The Court of Appeals acknowledges that the fences were constructed less than six years ago and while their location in the easement is contested and thus sufficient to prevent summary judgment, it is implicit that they must be removed if so located. The Court ruled that the trial court erred by granting summary judgment in favor of the plaintiffs and remanded the case for entry of summary judgment for the defendants on all issues for which the statute of limitations has expired. The court excepted the issues of the fences installed in 2004 and 2005. It is unstated, but seems implicit in the opinion that the Court of Appeals recognizes that the six-year limitation period does not cut off the easement rights.

Removing trees, shrubs and fences is one thing; removing part of a partially encroaching structure is another matter altogether.

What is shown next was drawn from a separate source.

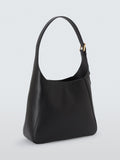 Lauren Ralph Lauren large leather crossbody bag - British product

One would expect that the courts would not approve of any self-help remedy with regard to structures due to the inevitable resultant damage to the non-encroaching portion of the structure.

The right of the dominant owner to maintain the easement is so fundamental that maintenance is almost universally alleged and cited as the operative hostile act in prescriptive easement cases that it can fairly be said to have become definitional.  In Stanley v. Laughter, 162 N.C. App. 322, 324, 590 S.E.2d 429, 431 (2004), the Court of Appeals held that the trial court did not err in granting a defendant's motion for directed verdict on the plaintiffs' claims for trespass, negligence and injury to real property, where defendant "removed the trees and shrubbery from his land and [a] thirty-foot strip of land in order to gain access to [a] sixty-foot wide easement from his 1.46 acre tract." Where the right exists it encompasses the right to an injunction to prohibit prevention of such maintenance as declared in Stokes County Soil v. Shelton, 67 N.C. App. 728, (1984). That case also held that summary judgment is appropriate where no genuine issue of fact concerning the right to perform maintenance and to the acts of preventing maintenance existed and the plaintiff was entitled to injunctive relief as a matter of law.

In conclusion, the question begged by the Court of Appeals is whether the Plaintiffs may exercise their common law right to clear the easement of vegetation that prevents the use of the easement to the full width.